_What you will do:_ Retype the entries exactly. Include every line.

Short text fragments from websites
---------------

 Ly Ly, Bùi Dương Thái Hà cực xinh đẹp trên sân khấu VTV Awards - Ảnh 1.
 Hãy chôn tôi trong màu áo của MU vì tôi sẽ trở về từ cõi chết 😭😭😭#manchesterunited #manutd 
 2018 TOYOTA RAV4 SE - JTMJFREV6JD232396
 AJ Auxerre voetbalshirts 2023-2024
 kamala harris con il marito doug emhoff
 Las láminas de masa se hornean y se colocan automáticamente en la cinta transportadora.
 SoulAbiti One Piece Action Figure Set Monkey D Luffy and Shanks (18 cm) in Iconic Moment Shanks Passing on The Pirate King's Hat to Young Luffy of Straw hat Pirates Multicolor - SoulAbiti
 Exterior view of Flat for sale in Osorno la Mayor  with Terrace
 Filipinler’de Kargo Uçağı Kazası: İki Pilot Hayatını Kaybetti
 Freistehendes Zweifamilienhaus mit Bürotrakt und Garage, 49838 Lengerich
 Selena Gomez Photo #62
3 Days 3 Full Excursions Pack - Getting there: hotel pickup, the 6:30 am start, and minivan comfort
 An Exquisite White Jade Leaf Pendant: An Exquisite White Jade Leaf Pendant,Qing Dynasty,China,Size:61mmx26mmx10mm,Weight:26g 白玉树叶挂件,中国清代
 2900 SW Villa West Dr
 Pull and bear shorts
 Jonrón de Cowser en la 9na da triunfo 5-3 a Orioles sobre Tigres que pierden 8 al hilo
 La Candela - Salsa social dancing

---------------

_Task response:_
 Ly Ly, Bùi Dương Thái Hà cực xinh đẹp trên sân khấu VTV Awards - Ảnh 1.
 Hãy chôn tôi trong màu áo của MU vì tôi sẽ trở về từ cõi chết 😭😭😭#manchesterunited #manutd 
 2018 TOYOTA RAV4 SE - JTMJFREV6JD232396
 AJ Auxerre voetbalshirts 2023-2024
 kamala harris con il marito doug emhoff
 Las láminas de masa se hornean y se colocan automáticamente en la cinta transportadora.
 SoulAbiti One Piece Action Figure Set Monkey D Luffy and Shanks (18 cm) in Iconic Moment Shanks Passing on The Pirate King's Hat to Young Luffy of Straw hat Pirates Multicolor - SoulAbiti
 Exterior view of Flat for sale in Osorno la Mayor  with Terrace
 Filipinler’de Kargo Uçağı Kazası: İki Pilot Hayatını Kaybetti
 Freistehendes Zweifamilienhaus mit Bürotrakt und Garage, 49838 Lengerich
 Selena Gomez Photo #62
3 Days 3 Full Excursions Pack - Getting there: hotel pickup, the 6:30 am start, and minivan comfort
 An Exquisite White Jade Leaf Pendant: An Exquisite White Jade Leaf Pendant,Qing Dynasty,China,Size:61mmx26mmx10mm,Weight:26g 白玉树叶挂件,中国清代
 2900 SW Villa West Dr
 Pull and bear shorts
 Jonrón de Cowser en la 9na da triunfo 5-3 a Orioles sobre Tigres que pierden 8 al hilo
 La Candela - Salsa social dancing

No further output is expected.